O comboio estava a chegar à estação de Alverca, mas devido a uns problemas quaisquer, teve que parar cerca de 50 metros atrás do acostumado local. As pessoas que vinham na primeira carruagem, no hall próximo da cabine do maquinista, apressaram-se a premir o botão da porta com intenção de a abrirem, só que as portas ainda estavam trancadas porque o comboio ainda tinha que avançar mais uns metros. Não tardou que duas garotas de arganel no nariz, phones nos ouvidos e a ruminarem pastilhas elásticas, batessem com as mãos na porta que dava acesso à cabine do maquinista dizendo: “Então, mas esta merda abre ou não abre?” O maquinista, apercebeu-se da confusão e fez soar o seguinte aviso nos altifalantes: “Informam-se todos os passageiros de que o comboio ainda não chegou à gare, logo que chegue, as portas serão desbloqueadas.” Perante este aviso, as ditas cachopas ainda se indignaram mais e ladraram o seguinte, continuando a bater na porta: “Olha, agora quer-nos levar para o Oriente… Nós não queremos ir para o Oriente, abra mas é esta porcaria.”
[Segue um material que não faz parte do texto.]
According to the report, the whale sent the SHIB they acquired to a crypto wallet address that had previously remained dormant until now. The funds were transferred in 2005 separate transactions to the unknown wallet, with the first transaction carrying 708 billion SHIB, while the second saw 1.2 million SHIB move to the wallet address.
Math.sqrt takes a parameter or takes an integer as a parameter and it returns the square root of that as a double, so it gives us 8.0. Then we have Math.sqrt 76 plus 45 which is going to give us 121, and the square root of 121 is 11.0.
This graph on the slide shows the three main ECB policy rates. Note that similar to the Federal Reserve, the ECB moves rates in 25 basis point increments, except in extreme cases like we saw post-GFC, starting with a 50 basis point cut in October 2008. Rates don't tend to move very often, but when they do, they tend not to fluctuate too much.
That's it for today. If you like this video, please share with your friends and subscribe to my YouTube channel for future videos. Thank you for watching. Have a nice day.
Entretanto o comboio andou mais uns metros e as portas foram desbloqueadas. Uma das primeiras pessoas a sair dirigiu-se imediatamente para junto do maquinista e disparou: “Olhe lá, ó vizinho, para onde é que você quer levar esta coisa?” O maquinista ficou a olhar para ela embasbacado, se calhar a pensar o mesmo que eu: “De onde é que esta gente saiu? Só pode ter sido de um manicómio qualquer.”

11/10/10

A farsa

Recordo-me perfeitamente do rebentamento da “bomba”, quando há uns anos atrás a comunicação social denunciava os abusos sexuais de crianças da Casa Pia, acusando figuras públicas de estarem por detrás destes crimes hediondos. Carlos Cruz fora preso preventivamente por, na óptica do juiz, haver fortes indícios da prática de crime.
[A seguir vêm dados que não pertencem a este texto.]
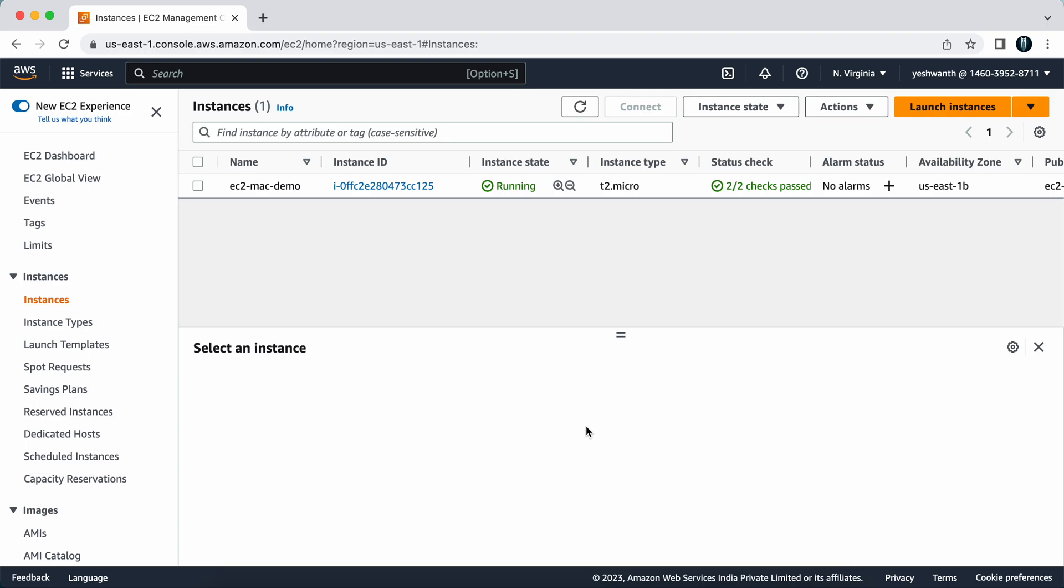Hi everyone, welcome back to my channel. In this video I'm going to explain how you can connect to your Linux-based EC2 instance in AWS from your laptop Mac. First, what I've done is I have created an EC2 instance with the name ec2-mac-demo.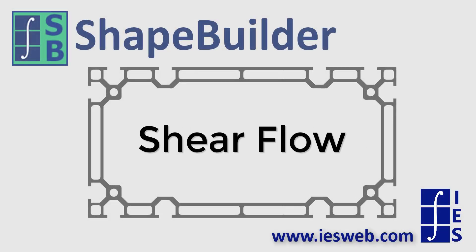This video will demonstrate how to find the first moment of area and the shear flow for a composite cross section using Shape Builder. Let's get started.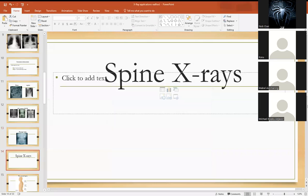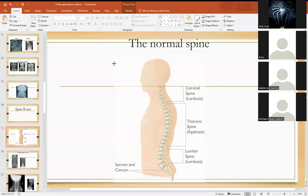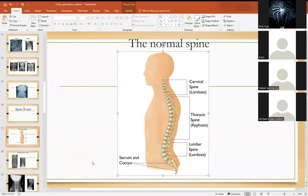Moving on to spine X-rays. For spine X-rays, you need to know a bit of anatomy first. The spine is divided into the cervical spine, thoracic spine, lumbar spine, and the sacral region. The cervical spine has a normal lordosis — it is curved forward. The thoracic spine is curved backward, which is a normal kyphosis. The lumbar spine also has lordosis. Bending forward of the spine is lordosis; bending backward is kyphosis. At various points this curvature may be normal.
Lembro-me que, não obstante estes fortes indícios, se reuniram num almoço organizado por Fialho Gouveia, para demonstrarem solidariedade com o senhor, centenas de figuras públicas, das quais se destacavam: o maestro António Vitorino de Almeida, os cantores Rui Veloso, Paulo Gonzo e Paco Bandeira, os actores Raul Solnado e Marina Mota, a economista Helena Sacadura Cabral, os jornalistas Fernando Dacosta e Adelino Gomes, o criminologista Francisco Moita Flores e o ex-presidente da RTP e da Portugal Global João Carlos Silva.

Confesso que na altura fiquei perplexo com esta iniciativa, porque todos aqueles senhores não sabiam de forma alguma se estavam a apoiar um inocente ou um criminoso. Vamos pela pior das hipóteses: e se for um criminoso, não estará a ser precipitado este apoio? Toda esta farsa cheira-me a pressão sobre a justiça. Isto pensei eu. O tempo o dirá, continuei a pensar.

Agora que o dito senhor foi condenado, gostava de saber o que vai na cabeça dos solidários de quem pratica crimes destes… ou não acreditamos na justiça? Será que ela só é justa quando pune os miseráveis?